Uncertainty Principles of Encoding GANs

The compelling synthesis results of Generative Adversarial Networks (GANs) demonstrate rich semantic knowledge in their latent codes. To obtain this knowledge for downstream applications, encoding GANs has been proposed to learn encoders, such that real world data can be encoded to latent codes, which can be fed to generators to reconstruct those data. However, despite the theoretical guarantees of precise reconstruction in previous works, current algorithms generally reconstruct inputs with non-negligible deviations from inputs. In this paper we study this predicament of encoding GANs, which is indispensable research for the GAN community.

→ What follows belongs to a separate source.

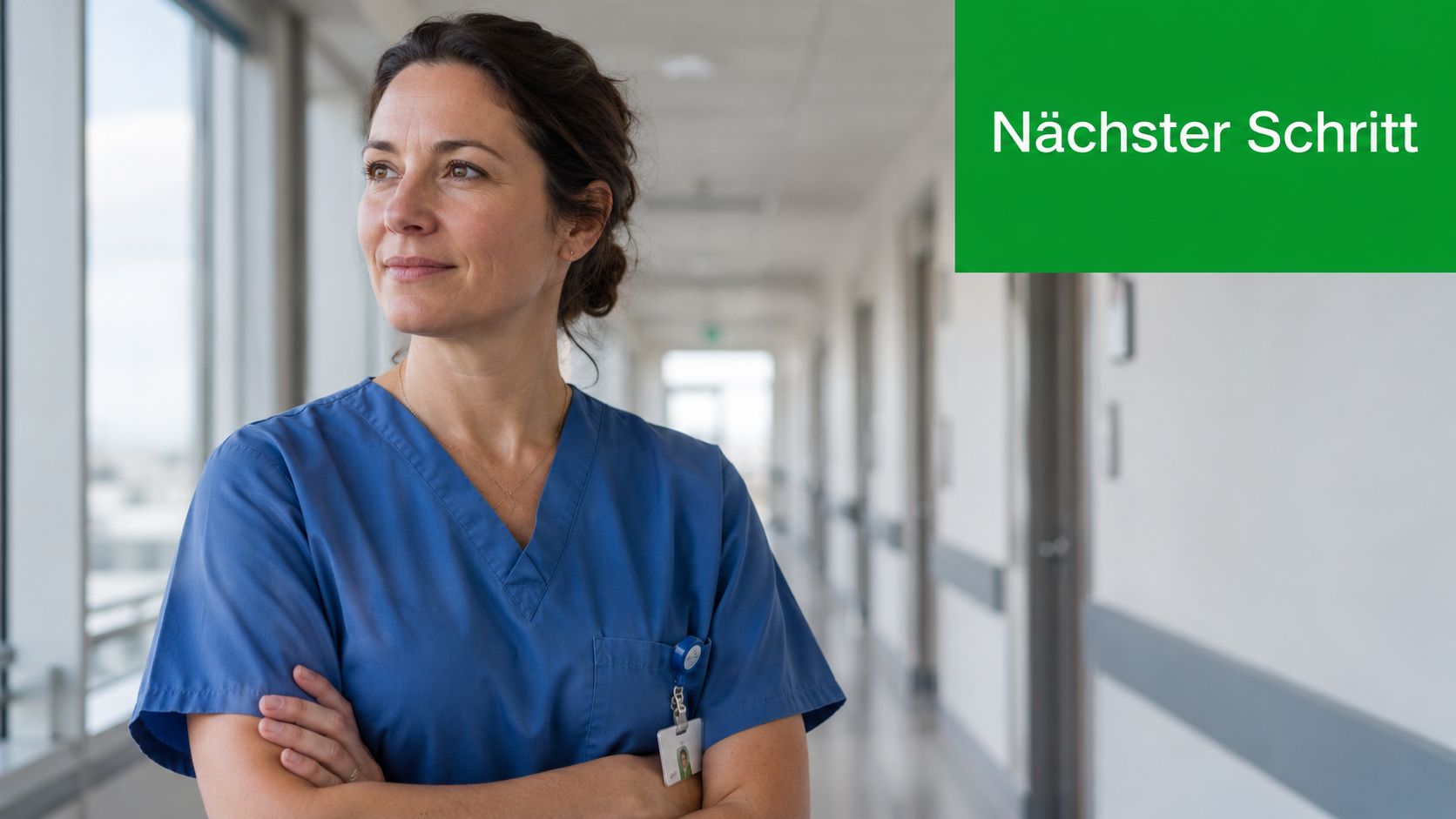 Eine professionelle Krankenschwester oder Pflegedienstleiterin steht nachdenklich in einem hellen Flur eines Krankenhauses.
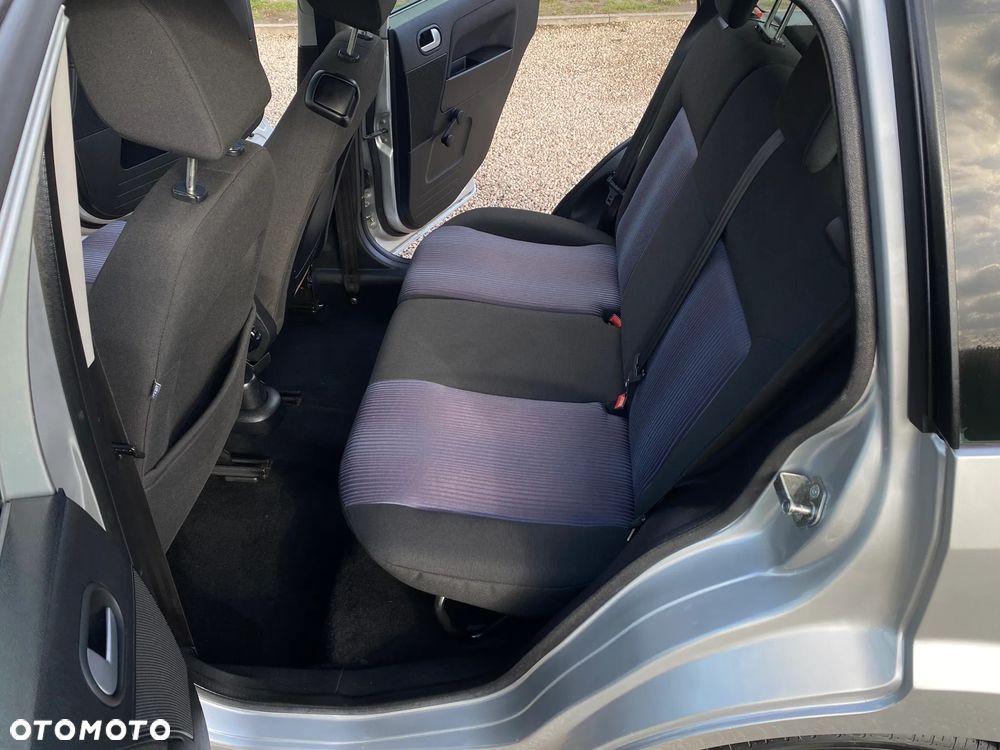 Ford Fusion 1.4 Trend - 30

We prove three uncertainty principles of encoding GANs in practice: a) the perfect' encoder and generator cannot be continuous at the same time, which implies that current framework of encoding GANs is ill-posed and needs rethinking; b) neural networks cannot approximate the underlying encoder and generator precisely at the same time, which explains why we cannot getperfect' encoders and generators as promised in previous theories; c) neural networks cannot be stable and accurate at the same time, which demonstrates the difficulty of training and trade-off between fidelity and disentanglement encountered in previous works. Our work may eliminate gaps between previous theories and empirical results, promote the understanding of GANs, and guide network designs for follow-up works.